Quatre ans se sont écoulés depuis cette soirée, mais elle occupe toujours les tribunaux aujourd'hui. Le 4 novembre 2017 à 23h00, l'agent de la Swisscoy M. N.* est entré dans le bar Brandhüsli du camp de campagne de Prizren, au Kosovo. Ce thurgovien de 28 ans servait là-bas aux côtés des troupes suisses. Des soldats d'Allemagne, d'Autriche et de Suisse festoyaient alors dans ledit troquet.
Sur place, le jeune homme - ivre et en uniforme - a soudainement levé le bras en faisant le salut hitlérien, avant de s'égosiller: «Heil Hitler!», «Sieg Heil!»...
Selon la justice militaire, les témoins étaient «visiblement horrifiés». Un employé du bar a demandé à l'officier suisse de quitter le lieu immédiatement. l'officier l'a alors frappé au visage.
Acquittement par le tribunal militaire de Saint-Gall
Le thurgovien n'en était pas à son coup d'essai.
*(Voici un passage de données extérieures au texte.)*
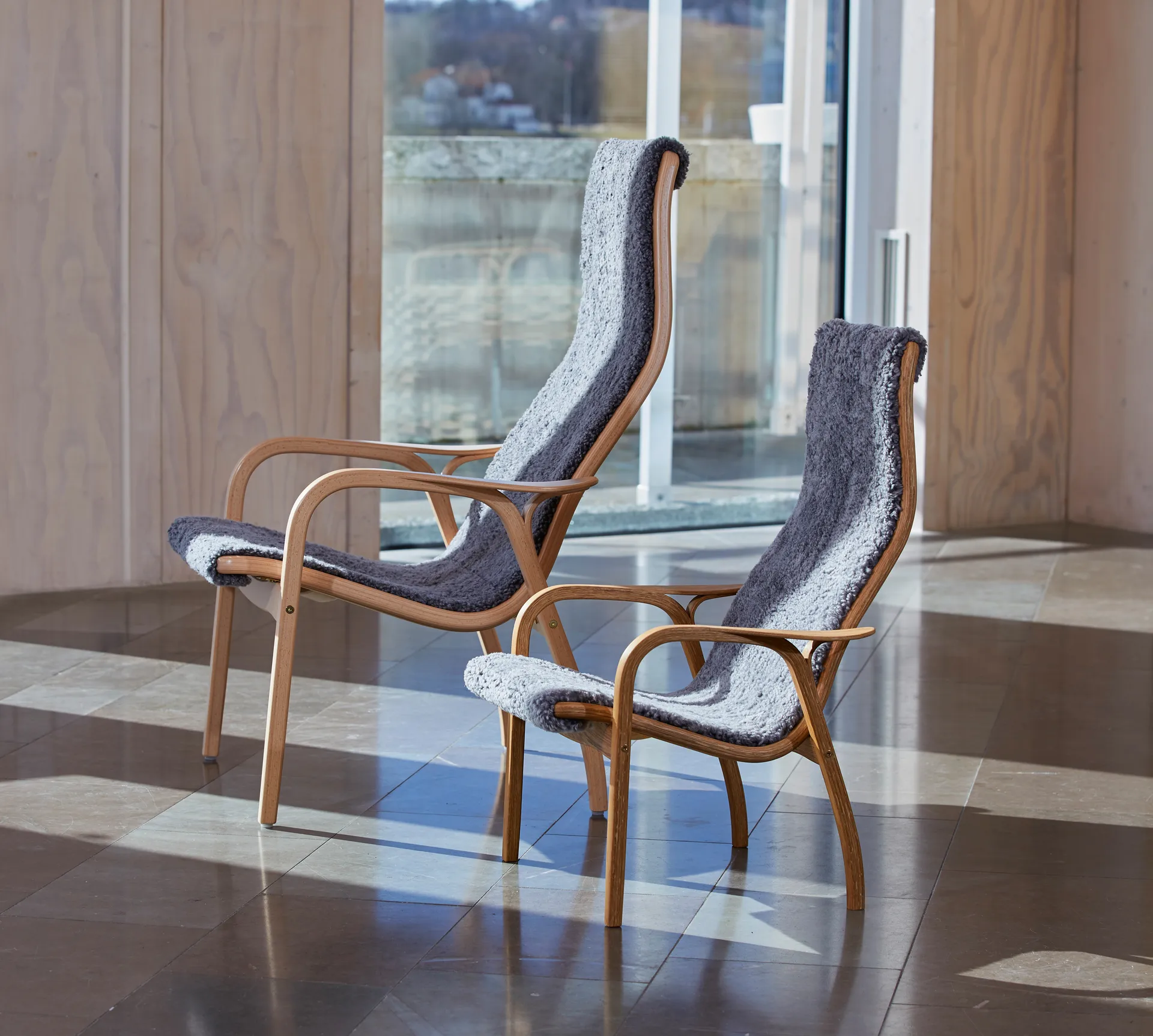 Laminett lænestol lakeret bøg/fåreskind, Scandinavian Grey (grå) Swedese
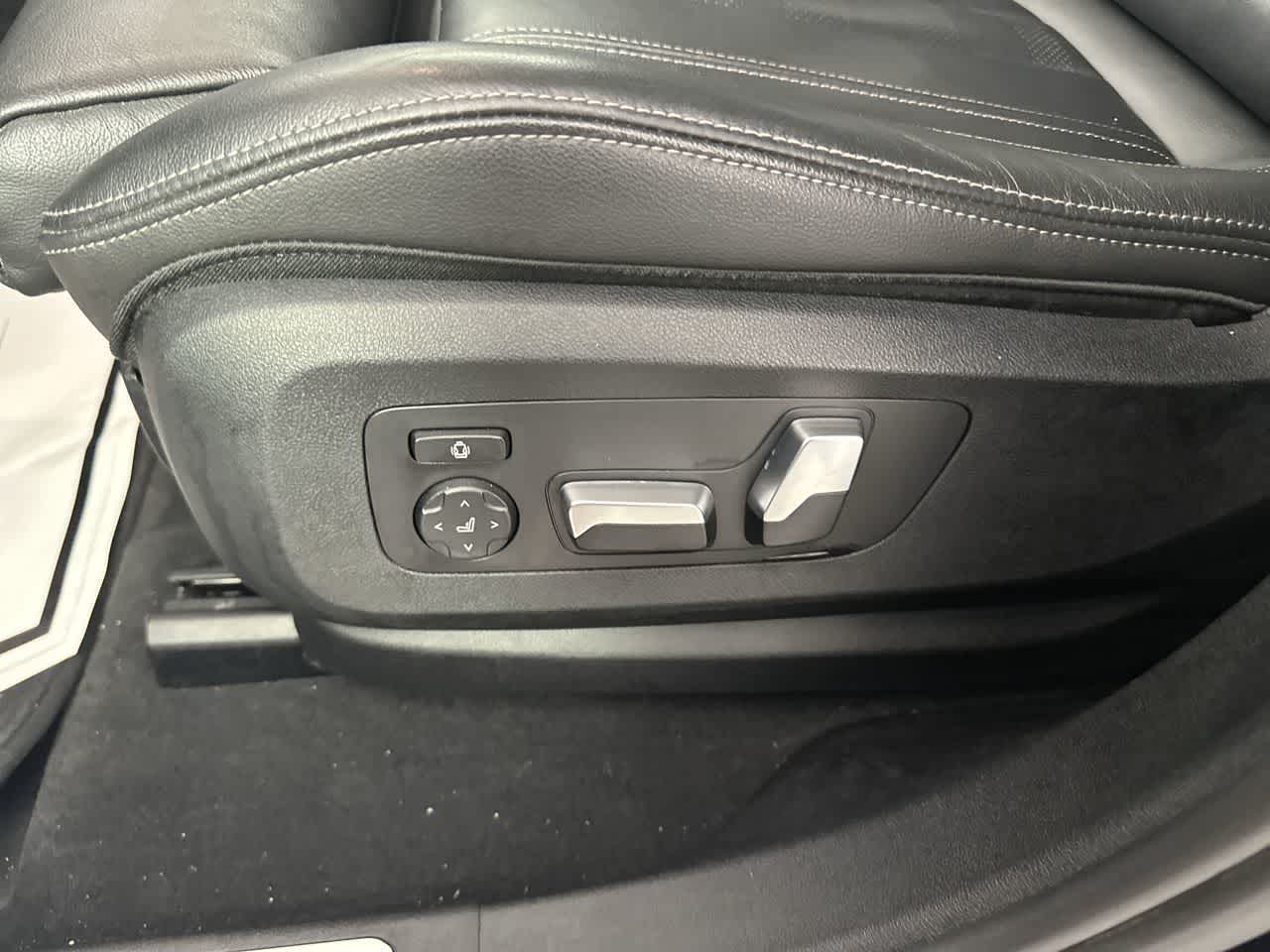 2020 BMW X6 xDrive40i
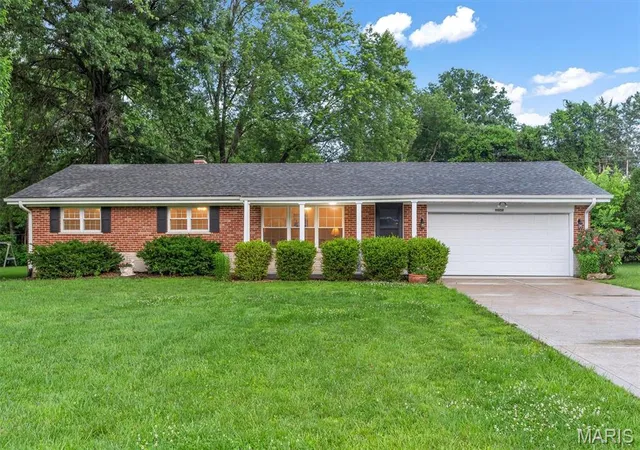 Photo 2 of Sale Pending at 10050 Kalinda Ln, St Louis, MO 63128 | MLS# MIS26025658 | Listing updated on 2026-09-23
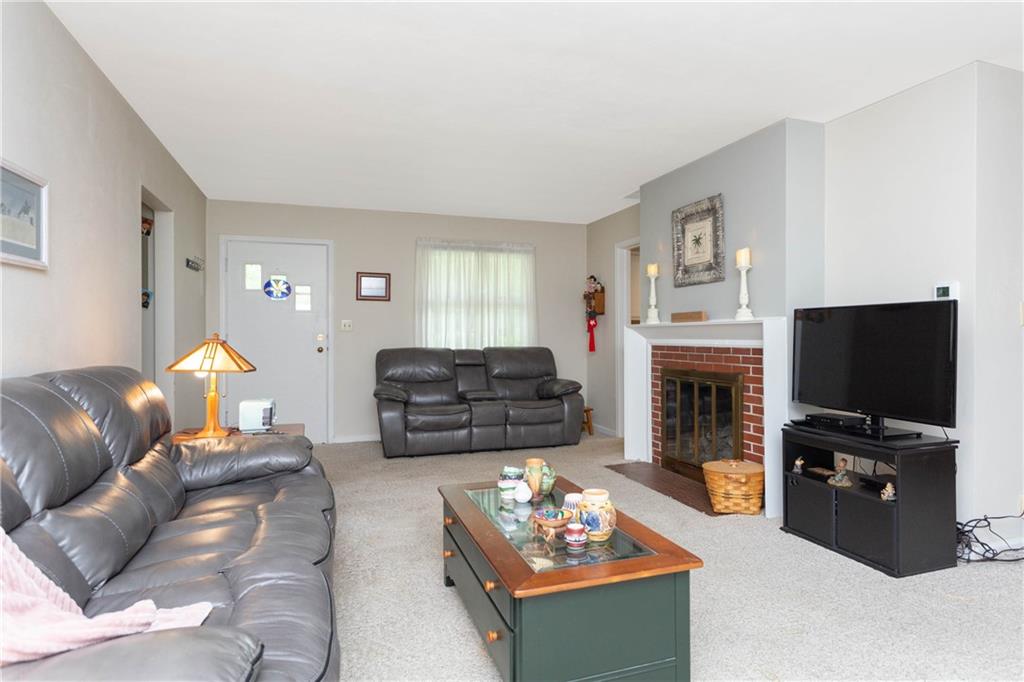 925 Longfellow Road Anderson, IN 46011 - Photo 8 of 28 Gallery Image 8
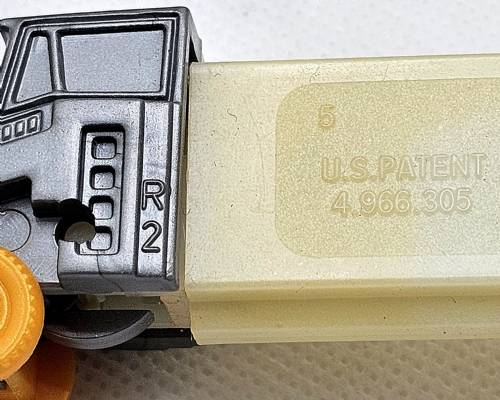 PEZ - Trucks - Misfits - Cab #R2 - Silver Cab, Orange Wheels - B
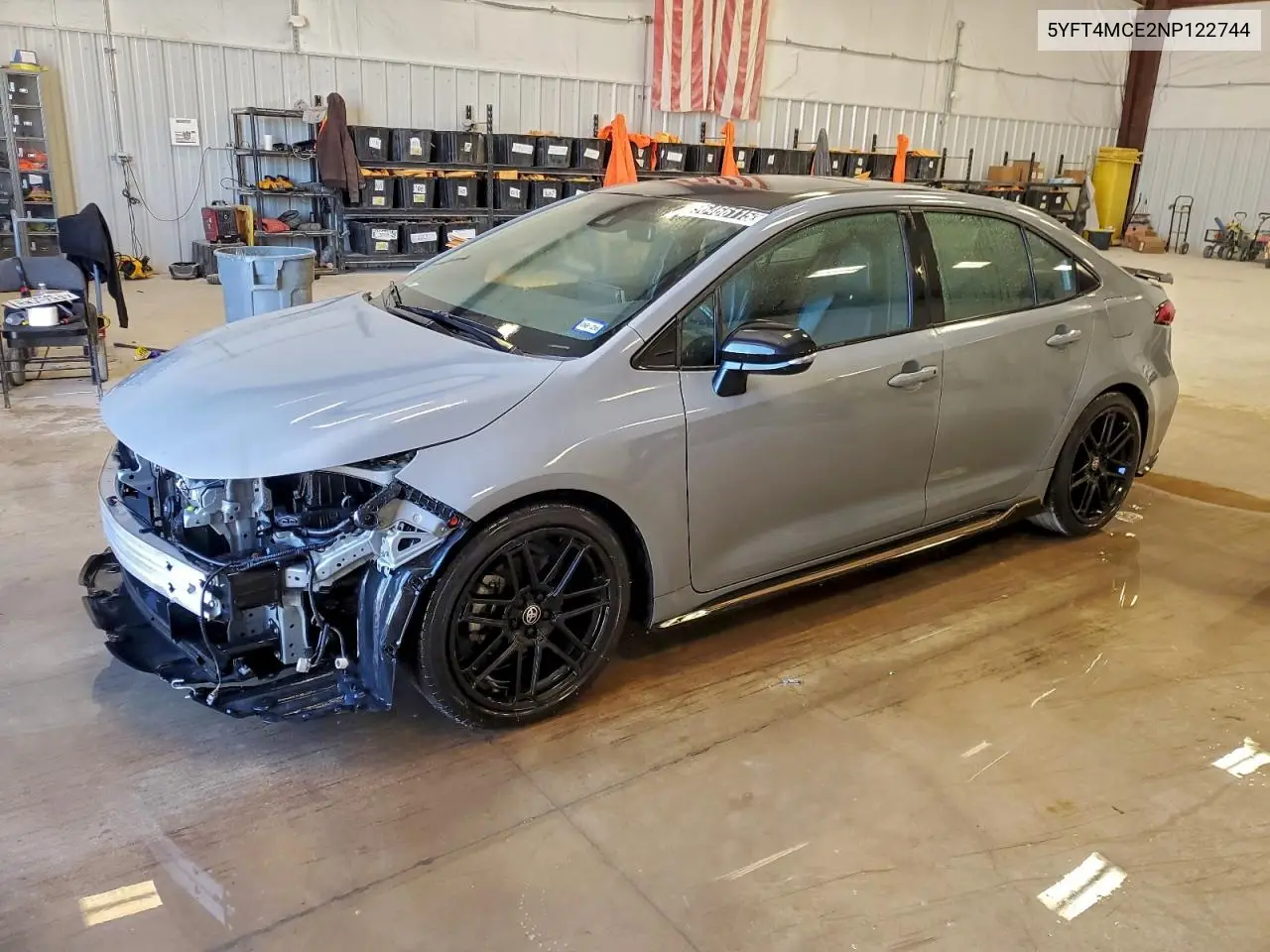 5YFT4MCE2NP122744 2022 Toyota Corolla Xse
Durant sa formation à la Swisscoy et plus tard lors de son déploiement dans les Balkans, il a attiré l'attention avec des remarques d'extrême droite, et même nazies... Il a également salué un officier germanophone de sa troupe par un «Sieg Heil», et l'a appelé à plusieurs reprises «Obersturmfourier» - une allusion aux SS-Obersturmführer, officiers de la Schutzstaffel (SS) de Hitler.
Pour la justice militaire, l'affaire était claire dès le départ: l'officier a été accusé de discrimination raciale. Toutefois, après l'avoir condamné pour ivresse, le tribunal a fait marche arrière concernant les accusations nazies. Un an plus tard, le verdict a été confirmé. Selon la haute instance, difficile de savoir si l'accusé cherchait vraiment à «influencer des tiers en faisant de la propagande».
Les juges se sont appuyés sur une particularité de la jurisprudence suisse. Dans notre pays, le salut hitlérien n'est interdit que s'il est fait pour promouvoir le parti national-socialiste. Ceux qui veulent «simplement faire connaître leur point de vue» de par ce geste, ne peuvent pas être punis.
Justice après quatre ans
Les procureurs de l'armée n'ont cependant pas baissé les bras et ont porté le verdict de l'affaire devant la Cour de cassation militaire, ou la plus haute autorité juridique qui existe dans ce contexte.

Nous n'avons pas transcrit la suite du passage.